My Dad and I are driving down to Table Rock Lake in Missouri tomorrow. We're staying at Bass Pro Shops/Bluegreen Resorts' lodge/resort on Table Rock Lake to do some lake fishing for a few days. Then I have a guided float with a local guide, Jeremy Hunt, to float the White River and throw some streamers for some monster browns!! Can't wait. I'll post pix when I get back into Michigan. Anybody on the forum familiar with these bodies of water? If so, any info or knowledge would be most appreciated.

Hully


----------



## BIG "D" (Sep 14, 2005)

Your a lucky dog. Wish I was going.:sad:


----------



## Shoeman (Aug 26, 2000)

BIG "D";3629408 said:


> Your a lucky dog. Wish I was going.:sad:


No Doubt!!

Have fun... :rant:


----------



## dannym (Jan 5, 2011)

awesome. some of my fondest memories as a little boy were from the area. my grandparents lived in a small retirement community in the northeast corner of arkansas and every summer i would visit them. it was my grandfather who taught me most of what i know about river fishing for trout. enjoy your time down there im sure that wont be an issue, looking forward to the pics.


----------



## fishawn 1 (Feb 9, 2011)

HULLY YOU SHOULD HAVE FUN LIKE DANNY I ALSO GREW UP IN NORTH EAST AR YOU MIGHT WANT TO STAY FOR A BIT 75 and the panfish are going nuts anyhow have a good trip take lots of pictures


----------



## jimhx720 (Jan 9, 2003)

I grew up in NE Ark. From the Hardy area actually. Spent a lot of time fishing the White with my Dad and Uncles. Also lived right off the South Fork of the Spring River for a while too.


----------



## dannym (Jan 5, 2011)

jimhx720 said:


> I grew up in NE Ark. From the Hardy area actually. Spent a lot of time fishing the White with my Dad and Uncles. Also lived right off the South Fork of the Spring River for a while too.

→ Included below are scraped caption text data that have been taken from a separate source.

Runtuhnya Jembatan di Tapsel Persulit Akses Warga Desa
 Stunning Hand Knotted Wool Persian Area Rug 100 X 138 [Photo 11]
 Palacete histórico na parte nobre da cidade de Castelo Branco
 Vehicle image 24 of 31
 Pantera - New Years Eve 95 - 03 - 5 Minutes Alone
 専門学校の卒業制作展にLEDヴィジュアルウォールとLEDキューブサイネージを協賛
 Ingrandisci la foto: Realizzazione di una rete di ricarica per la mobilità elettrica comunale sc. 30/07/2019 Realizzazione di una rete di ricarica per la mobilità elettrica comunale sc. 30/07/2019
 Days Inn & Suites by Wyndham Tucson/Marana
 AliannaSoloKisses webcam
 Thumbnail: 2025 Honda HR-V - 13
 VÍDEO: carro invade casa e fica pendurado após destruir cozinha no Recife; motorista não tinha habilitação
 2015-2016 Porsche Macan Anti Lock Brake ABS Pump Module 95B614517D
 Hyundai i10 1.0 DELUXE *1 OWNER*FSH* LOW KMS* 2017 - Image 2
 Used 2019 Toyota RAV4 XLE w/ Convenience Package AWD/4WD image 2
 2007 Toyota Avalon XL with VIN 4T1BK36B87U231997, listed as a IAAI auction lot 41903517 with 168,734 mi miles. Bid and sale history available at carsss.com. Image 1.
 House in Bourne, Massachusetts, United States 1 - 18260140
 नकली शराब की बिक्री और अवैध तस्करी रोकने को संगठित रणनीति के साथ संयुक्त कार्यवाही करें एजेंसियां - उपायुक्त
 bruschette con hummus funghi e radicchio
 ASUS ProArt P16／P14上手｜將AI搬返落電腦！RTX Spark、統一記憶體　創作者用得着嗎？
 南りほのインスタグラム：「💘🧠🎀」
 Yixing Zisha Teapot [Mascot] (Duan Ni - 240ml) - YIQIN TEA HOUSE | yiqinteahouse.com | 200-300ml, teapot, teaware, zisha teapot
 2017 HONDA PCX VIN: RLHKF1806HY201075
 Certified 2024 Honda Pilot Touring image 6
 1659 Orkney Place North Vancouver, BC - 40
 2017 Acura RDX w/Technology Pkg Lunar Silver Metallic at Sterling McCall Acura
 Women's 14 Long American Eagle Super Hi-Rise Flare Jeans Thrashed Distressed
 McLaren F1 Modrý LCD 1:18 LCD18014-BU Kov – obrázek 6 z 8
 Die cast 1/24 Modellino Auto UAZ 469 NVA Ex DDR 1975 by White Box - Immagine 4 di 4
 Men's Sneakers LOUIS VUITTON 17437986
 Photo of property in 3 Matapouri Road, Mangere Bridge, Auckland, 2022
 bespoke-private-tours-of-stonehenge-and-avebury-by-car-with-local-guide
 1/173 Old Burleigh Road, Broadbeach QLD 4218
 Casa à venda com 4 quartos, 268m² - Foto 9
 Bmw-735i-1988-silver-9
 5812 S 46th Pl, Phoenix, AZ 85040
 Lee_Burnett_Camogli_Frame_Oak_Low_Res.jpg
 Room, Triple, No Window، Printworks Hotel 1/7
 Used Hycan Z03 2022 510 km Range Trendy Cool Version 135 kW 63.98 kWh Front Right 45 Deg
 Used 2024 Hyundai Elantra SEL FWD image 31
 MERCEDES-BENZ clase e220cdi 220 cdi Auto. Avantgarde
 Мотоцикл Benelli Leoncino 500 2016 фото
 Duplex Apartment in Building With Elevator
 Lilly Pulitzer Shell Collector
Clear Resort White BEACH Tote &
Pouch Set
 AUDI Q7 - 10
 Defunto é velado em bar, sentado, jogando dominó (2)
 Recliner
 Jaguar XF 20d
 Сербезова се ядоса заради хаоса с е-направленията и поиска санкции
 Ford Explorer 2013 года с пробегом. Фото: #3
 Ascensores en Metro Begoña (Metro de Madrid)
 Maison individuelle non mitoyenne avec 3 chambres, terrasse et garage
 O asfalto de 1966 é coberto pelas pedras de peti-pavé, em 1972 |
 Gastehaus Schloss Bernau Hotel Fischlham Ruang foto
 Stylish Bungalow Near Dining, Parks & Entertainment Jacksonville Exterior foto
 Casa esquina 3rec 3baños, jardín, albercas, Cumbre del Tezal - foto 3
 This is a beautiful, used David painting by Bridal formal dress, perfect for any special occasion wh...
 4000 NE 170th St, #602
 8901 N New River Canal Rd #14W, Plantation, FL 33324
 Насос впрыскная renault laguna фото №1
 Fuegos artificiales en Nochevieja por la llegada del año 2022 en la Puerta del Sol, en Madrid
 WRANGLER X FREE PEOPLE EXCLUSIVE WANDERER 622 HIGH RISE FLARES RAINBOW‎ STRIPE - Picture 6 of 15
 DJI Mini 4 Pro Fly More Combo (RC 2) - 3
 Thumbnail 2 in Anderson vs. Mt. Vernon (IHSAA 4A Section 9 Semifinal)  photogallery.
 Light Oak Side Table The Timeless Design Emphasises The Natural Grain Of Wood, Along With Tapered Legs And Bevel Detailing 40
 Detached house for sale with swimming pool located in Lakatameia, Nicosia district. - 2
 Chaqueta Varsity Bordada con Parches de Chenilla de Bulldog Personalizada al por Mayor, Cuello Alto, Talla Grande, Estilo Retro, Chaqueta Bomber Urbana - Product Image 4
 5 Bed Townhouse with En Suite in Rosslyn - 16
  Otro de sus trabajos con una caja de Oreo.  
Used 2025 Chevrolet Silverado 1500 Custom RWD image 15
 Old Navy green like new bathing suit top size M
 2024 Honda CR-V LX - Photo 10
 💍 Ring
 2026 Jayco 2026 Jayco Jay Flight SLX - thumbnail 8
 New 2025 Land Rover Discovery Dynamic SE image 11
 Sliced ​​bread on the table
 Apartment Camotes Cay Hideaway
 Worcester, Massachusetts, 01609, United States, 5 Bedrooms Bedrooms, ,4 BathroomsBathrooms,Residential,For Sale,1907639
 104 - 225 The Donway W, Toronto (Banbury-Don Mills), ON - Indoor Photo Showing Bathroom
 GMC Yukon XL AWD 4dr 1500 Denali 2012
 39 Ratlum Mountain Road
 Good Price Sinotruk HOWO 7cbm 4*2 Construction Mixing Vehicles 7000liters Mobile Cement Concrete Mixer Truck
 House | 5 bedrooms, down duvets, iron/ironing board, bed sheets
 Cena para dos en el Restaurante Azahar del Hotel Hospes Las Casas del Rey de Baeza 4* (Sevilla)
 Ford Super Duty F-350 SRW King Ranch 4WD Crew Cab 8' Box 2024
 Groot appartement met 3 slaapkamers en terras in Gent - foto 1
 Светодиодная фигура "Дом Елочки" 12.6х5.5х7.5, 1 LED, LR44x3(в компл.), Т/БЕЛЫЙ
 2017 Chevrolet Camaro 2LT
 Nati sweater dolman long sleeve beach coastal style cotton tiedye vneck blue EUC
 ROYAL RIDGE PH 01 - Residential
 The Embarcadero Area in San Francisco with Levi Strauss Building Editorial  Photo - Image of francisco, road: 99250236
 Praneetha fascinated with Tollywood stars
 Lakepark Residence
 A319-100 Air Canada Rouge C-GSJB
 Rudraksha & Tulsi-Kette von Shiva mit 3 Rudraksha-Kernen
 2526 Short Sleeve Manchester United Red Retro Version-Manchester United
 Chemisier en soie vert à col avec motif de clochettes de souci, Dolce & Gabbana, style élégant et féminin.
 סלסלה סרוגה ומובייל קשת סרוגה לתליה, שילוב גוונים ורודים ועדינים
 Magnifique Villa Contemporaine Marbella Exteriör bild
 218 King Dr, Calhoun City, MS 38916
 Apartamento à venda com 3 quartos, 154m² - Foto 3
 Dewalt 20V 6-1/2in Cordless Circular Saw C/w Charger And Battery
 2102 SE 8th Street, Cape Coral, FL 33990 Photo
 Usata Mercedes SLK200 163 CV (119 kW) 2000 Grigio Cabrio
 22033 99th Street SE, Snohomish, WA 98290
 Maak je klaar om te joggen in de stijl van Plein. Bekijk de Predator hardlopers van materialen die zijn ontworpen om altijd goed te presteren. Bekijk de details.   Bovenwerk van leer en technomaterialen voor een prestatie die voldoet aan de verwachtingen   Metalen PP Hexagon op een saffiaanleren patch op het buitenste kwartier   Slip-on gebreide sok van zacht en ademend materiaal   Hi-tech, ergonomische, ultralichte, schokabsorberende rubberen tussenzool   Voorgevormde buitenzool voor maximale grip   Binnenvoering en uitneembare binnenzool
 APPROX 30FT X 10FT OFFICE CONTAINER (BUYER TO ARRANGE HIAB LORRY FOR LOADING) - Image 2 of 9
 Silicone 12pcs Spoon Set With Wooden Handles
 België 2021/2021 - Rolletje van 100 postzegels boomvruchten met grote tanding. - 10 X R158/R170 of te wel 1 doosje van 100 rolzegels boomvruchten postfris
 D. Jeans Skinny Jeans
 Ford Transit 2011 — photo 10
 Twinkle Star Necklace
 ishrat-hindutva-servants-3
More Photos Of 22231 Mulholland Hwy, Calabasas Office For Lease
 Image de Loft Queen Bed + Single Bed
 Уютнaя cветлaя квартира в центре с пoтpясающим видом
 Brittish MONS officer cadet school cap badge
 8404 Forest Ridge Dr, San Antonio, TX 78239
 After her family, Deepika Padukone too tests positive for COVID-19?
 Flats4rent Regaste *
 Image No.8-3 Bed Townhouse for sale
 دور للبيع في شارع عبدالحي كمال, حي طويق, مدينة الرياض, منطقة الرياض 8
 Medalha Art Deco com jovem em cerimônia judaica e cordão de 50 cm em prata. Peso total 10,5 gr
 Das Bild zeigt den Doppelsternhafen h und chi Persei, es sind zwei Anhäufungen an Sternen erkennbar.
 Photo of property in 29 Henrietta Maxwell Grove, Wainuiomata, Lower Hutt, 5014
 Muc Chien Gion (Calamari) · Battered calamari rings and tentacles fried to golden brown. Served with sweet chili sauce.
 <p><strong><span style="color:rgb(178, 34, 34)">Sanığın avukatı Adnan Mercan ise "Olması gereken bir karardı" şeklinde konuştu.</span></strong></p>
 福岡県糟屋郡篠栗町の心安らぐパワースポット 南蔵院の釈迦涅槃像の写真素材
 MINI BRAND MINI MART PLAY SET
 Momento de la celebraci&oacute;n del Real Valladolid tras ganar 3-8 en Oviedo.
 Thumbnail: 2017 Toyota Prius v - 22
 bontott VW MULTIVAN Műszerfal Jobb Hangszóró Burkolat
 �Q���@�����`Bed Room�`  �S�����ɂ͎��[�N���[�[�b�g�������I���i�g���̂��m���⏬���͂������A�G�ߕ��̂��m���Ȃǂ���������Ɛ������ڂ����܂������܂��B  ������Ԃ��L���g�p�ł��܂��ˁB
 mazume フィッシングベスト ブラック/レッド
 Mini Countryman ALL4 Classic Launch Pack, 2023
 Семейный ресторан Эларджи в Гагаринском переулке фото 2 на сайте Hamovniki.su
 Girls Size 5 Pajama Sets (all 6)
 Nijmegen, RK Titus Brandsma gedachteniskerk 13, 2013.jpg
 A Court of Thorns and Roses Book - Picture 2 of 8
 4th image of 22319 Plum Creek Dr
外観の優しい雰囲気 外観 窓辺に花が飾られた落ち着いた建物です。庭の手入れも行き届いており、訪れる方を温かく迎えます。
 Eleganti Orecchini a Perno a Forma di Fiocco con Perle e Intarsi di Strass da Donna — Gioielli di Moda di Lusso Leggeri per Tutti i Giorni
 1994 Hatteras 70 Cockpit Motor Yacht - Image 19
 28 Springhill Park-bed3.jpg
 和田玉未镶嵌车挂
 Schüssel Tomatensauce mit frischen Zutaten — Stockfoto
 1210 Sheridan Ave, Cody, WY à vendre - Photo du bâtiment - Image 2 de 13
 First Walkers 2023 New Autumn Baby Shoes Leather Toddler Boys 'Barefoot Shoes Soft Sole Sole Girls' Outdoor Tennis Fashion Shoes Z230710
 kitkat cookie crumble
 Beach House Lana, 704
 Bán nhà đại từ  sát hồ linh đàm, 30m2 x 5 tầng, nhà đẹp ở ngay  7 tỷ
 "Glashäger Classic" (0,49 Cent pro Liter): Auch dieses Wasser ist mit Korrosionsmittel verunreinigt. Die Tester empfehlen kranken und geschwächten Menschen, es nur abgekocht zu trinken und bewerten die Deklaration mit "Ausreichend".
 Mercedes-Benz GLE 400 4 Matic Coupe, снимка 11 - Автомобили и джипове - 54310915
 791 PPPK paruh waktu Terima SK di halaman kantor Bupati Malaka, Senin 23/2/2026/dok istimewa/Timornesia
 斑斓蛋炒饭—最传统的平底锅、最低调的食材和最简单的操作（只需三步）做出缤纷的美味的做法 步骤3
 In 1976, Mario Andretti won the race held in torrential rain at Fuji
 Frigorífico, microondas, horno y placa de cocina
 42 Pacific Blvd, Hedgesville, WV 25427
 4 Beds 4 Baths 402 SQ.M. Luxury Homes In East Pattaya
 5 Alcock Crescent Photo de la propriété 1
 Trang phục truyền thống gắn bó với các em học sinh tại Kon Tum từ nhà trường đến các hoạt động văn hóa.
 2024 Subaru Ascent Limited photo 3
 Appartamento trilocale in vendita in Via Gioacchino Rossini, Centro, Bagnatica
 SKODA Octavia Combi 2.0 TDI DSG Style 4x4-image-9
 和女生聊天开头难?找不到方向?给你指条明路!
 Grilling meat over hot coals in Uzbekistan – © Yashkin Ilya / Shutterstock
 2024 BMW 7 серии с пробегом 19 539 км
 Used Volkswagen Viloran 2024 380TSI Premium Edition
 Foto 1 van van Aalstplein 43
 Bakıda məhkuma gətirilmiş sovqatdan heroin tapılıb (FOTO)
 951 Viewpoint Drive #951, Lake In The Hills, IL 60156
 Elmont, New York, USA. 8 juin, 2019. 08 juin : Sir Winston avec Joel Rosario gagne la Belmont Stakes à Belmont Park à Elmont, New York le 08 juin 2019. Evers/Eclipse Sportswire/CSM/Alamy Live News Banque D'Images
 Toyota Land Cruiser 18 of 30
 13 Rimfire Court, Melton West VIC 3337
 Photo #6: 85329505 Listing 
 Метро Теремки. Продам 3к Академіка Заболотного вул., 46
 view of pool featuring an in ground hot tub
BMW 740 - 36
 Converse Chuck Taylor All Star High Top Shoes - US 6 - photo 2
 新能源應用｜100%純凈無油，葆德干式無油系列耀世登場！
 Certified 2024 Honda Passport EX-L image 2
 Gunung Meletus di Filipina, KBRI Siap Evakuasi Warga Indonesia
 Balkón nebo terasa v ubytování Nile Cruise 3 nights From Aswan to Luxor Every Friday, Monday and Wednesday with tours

 i know the place well...the grandparents were from cherokee village. their house was on thunderbird lake. we would fish the bayou access of the spring river...what a beautiful area...bringin back lots of memories...man i miss that place place...


----------



## jimhx720 (Jan 9, 2003)

Small world. I lived in Cherokee Village for a long time Mineola Street to be exact. Went to Highland High School until I moved here to MI my Sophmore year.


----------



## dannym (Jan 5, 2011)

jimhx720 said:


> Small world. I lived in Cherokee Village for a long time Mineola Street to be exact. Went to Highland High School until I moved here to MI my Sophmore year.


 sure is! have you been back since? summer 07 was the last time i was down that way. ive been wanting to put a trip together to get back there but cant seem to find the time.


----------